Work/Life Balance is Bunk.

We all struggle with how to make our lives what we want them to be.  Our goals, dreams, tasks, obligations, chores and aspirations all compete for our attention.  Add the goals and needs of others – spouses, parents, children, friends, colleagues, etc. – and it is a miracle our brains can possibly organize our lives into any workable form any day of the week, much less week after month after year.

Our culture has struggled to help us frame how best to create the lives we want.  The context of work has been helpful: work hard and you will be able to afford the environment and opportunities you want for yourself and your family.  But then work can take over one’s life – “life” being family, fun and the things that we’d rather be doing other than working.  The implication is that work is supposed to be separate from life and that one should not be more important than the other. Ok…

There is a reason this is on a warning sign...

So, work and life must somehow become balanced.  Like a teeter-totter, one side or the other can suddenly plummet if unexpected imbalance occurs, thereby jettisoning the other side up into the air and flying off into the wind waiting for a convenient time to be recovered. It’s very precarious.

But I don’t buy the work-life balance concept.  I think that those two elements are missing what we are really trying to sort out.  It implies that your work is not part of your life (and god help you if you actually like your work…where are your priorities!?).

So what if we stop thinking about balancing work and life? Life is the whole package: work, family, fun, school, exercise, people and community – the list goes on. If we’re concerned about whether or not the amount of work we do is good or bad for us because of the negative stress that can result, then the idea we need to think about is Work-Health. The work we do as humans – whether that is parenting, farming, writing or corporate raiding – is dependent upon our overall health.  When we are rested, happy, connected to others and healthy, we can do all sorts of things and have fun in the process. When we are exhausted, unhappy, disconnected or ill, we are limited in what we can accomplish.
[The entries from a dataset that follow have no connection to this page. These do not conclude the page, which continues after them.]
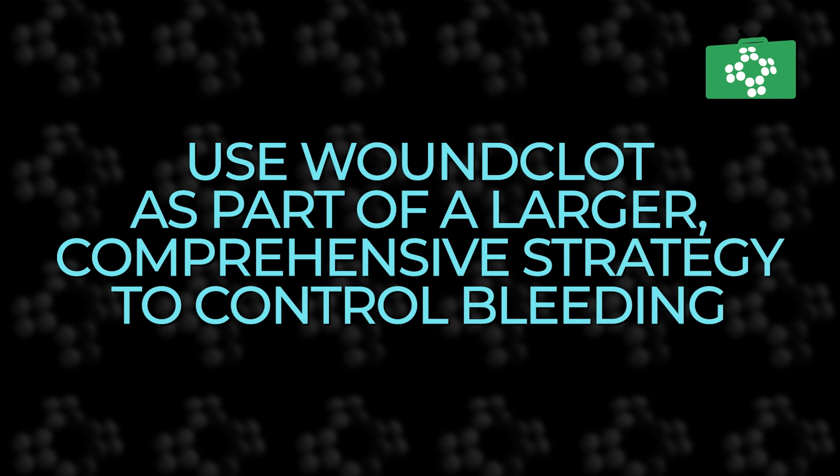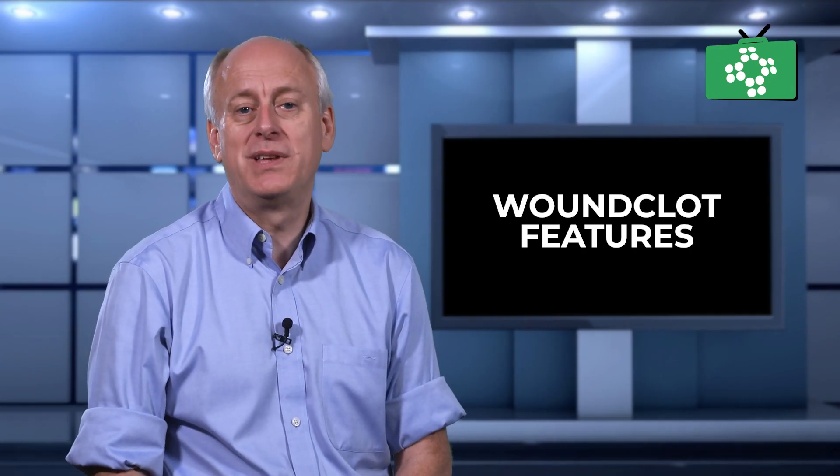Remember, while Woonclot is a powerful tool, it should be used as part of a comprehensive strategy for controlling bleeding, and always consult with a healthcare professional in emergencies.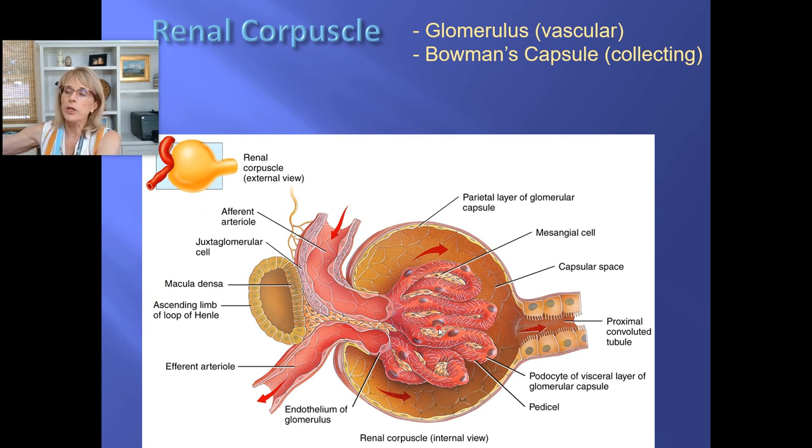Think of the glomerulus simplistically as a basketball with holes punched in it. If you put a garden hose on each end and turn on the water, it'll leak through the holes — but how much more would it leak if you had a fire hose going in and a garden hose coming out? That's the way the afferent and efferent arterioles work: the afferent arteriole is designed to be more of a fire hose, the efferent a garden hose. Fluid backs up and a lot of water comes filtering out through the filtration membrane.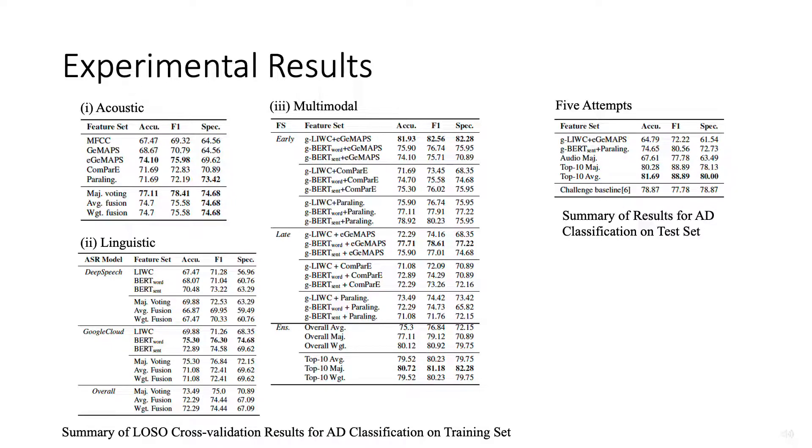On the test set, majority voting and average fusion are applied separately on the top 10 best performing models. The resultant prediction accuracy scores for the test partition are 80.28 and 81.69, which are both better than the challenge baseline.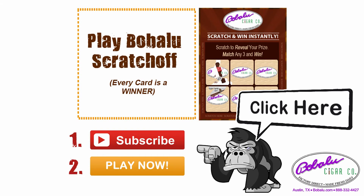Do you like cigars? And do you like winning? Then you're going to love playing the Babalu Cigar Company Instant Winner Scratch Off Game, where every card is a winner. It's easy to play — simply press the two buttons on your screen to subscribe to our YouTube channel, then press the second button to receive your instant winning scratch off card. Why not play right now?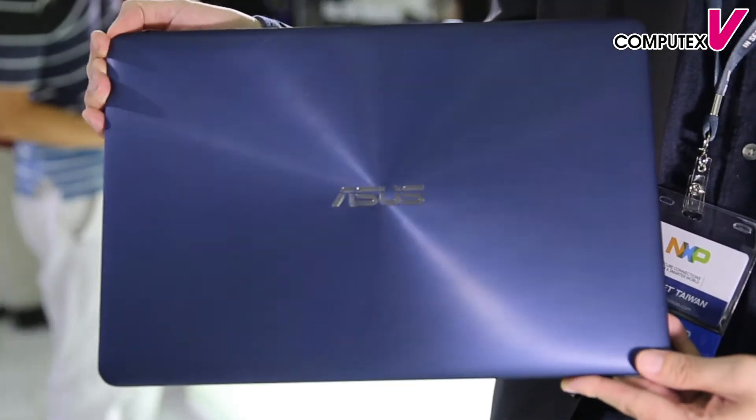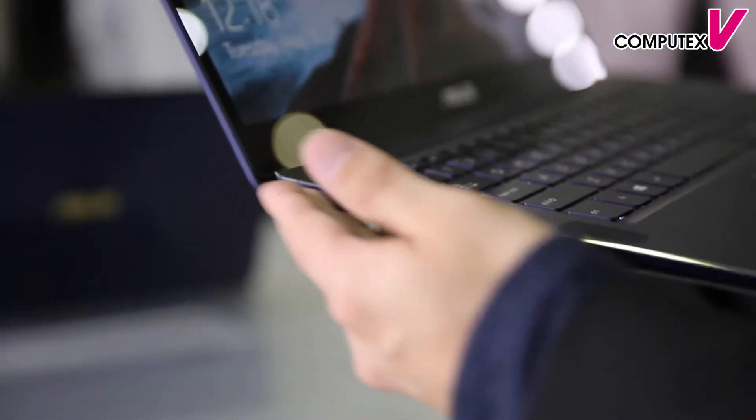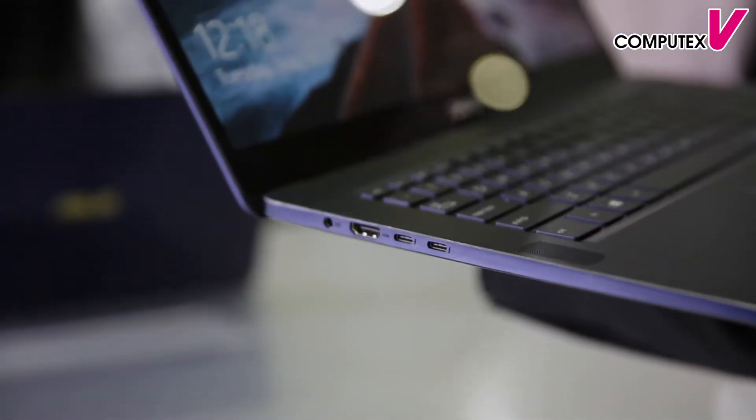So what makes ZenBook Pro different? Because it's ZenBook, we preserve the classic concentric circle and diamond cut on the C part. You can see the clean exterior and beautiful ID design. But inside, we have powerful digital specs to help users realize their dreams and imagination. This is the ASUS ZenBook Pro UX550.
My suggestion is that we stop thinking about separating work from life – it’s too stressful to try to keep that teeter-totter from wobbling. The idea of a work-health framework has a richer meaning. The joy and success we experience from all aspects of life is supported by overall health. Exploring the dynamic relationship our health and our work have to each other helps us enjoy all aspects of life more.  Each dimension of our lives will fluctuate in how much attention we want to and can give them. Whether the things we work and play at support or detract from our feeling of living in a healthy and satisfying way is a more useful question than whether we are in “balance” with some arbitrary idea of what our lives should be.